[Source material Boundary: Start]

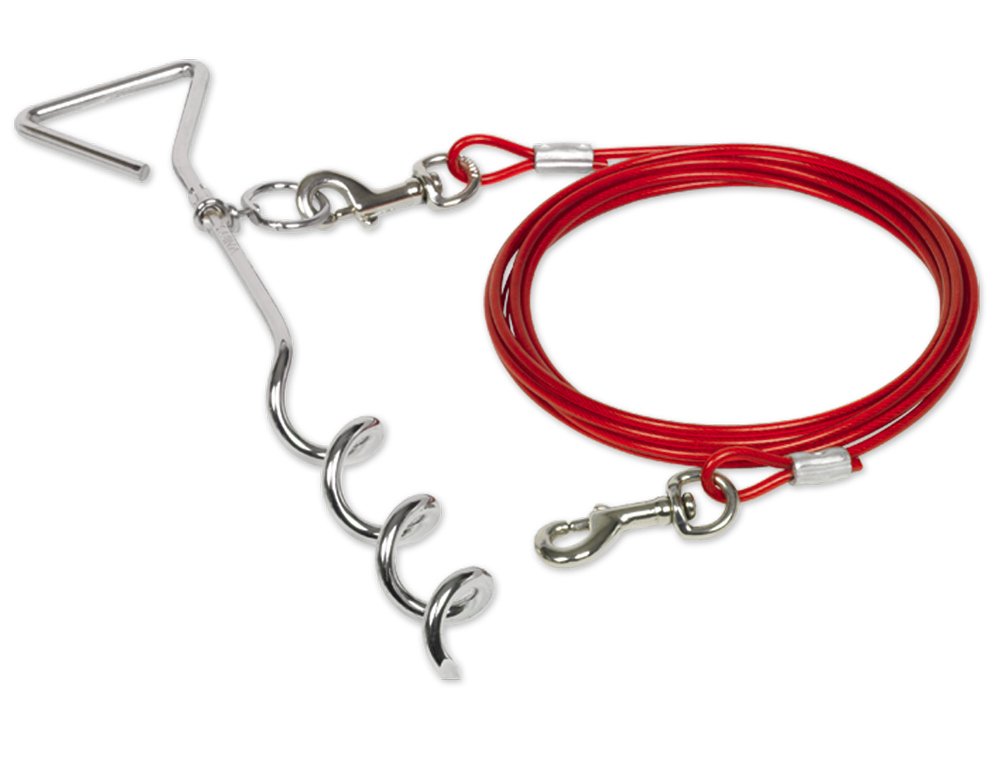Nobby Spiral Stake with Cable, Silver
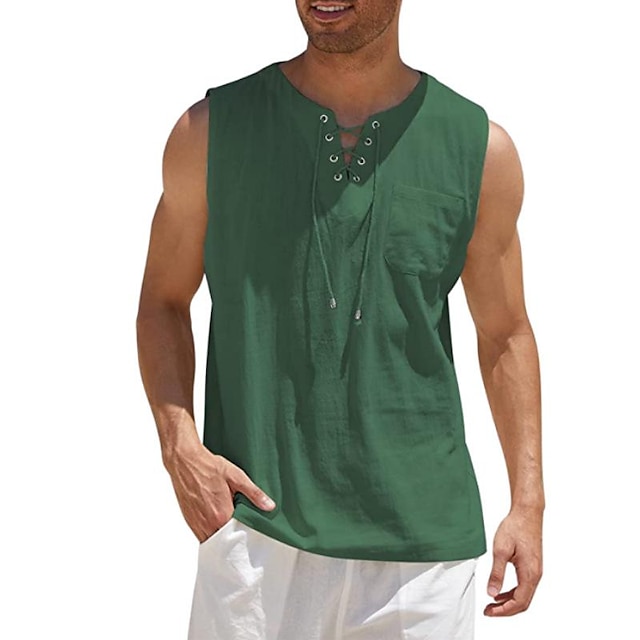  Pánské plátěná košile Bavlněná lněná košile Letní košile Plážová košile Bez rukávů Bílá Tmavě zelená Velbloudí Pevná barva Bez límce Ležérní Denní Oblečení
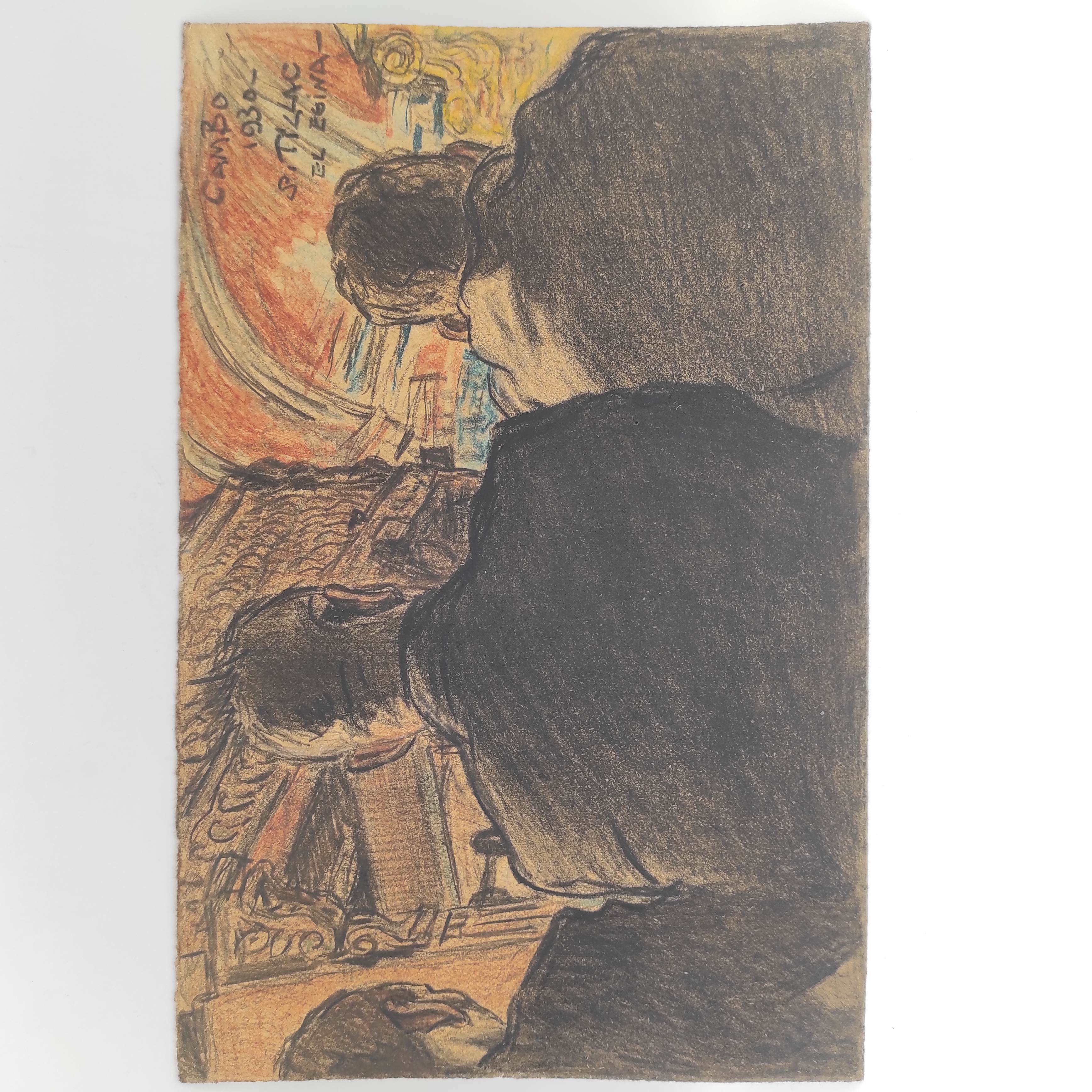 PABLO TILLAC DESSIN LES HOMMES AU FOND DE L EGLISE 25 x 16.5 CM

[Source material Boundary: End]

Pictures excluded, quote all the data above exactly.

Nobby Spiral Stake with Cable, Silver
  Pánské plátěná košile Bavlněná lněná košile Letní košile Plážová košile Bez rukávů Bílá Tmavě zelená Velbloudí Pevná barva Bez límce Ležérní Denní Oblečení
 PABLO TILLAC DESSIN LES HOMMES AU FOND DE L EGLISE 25 x 16.5 CM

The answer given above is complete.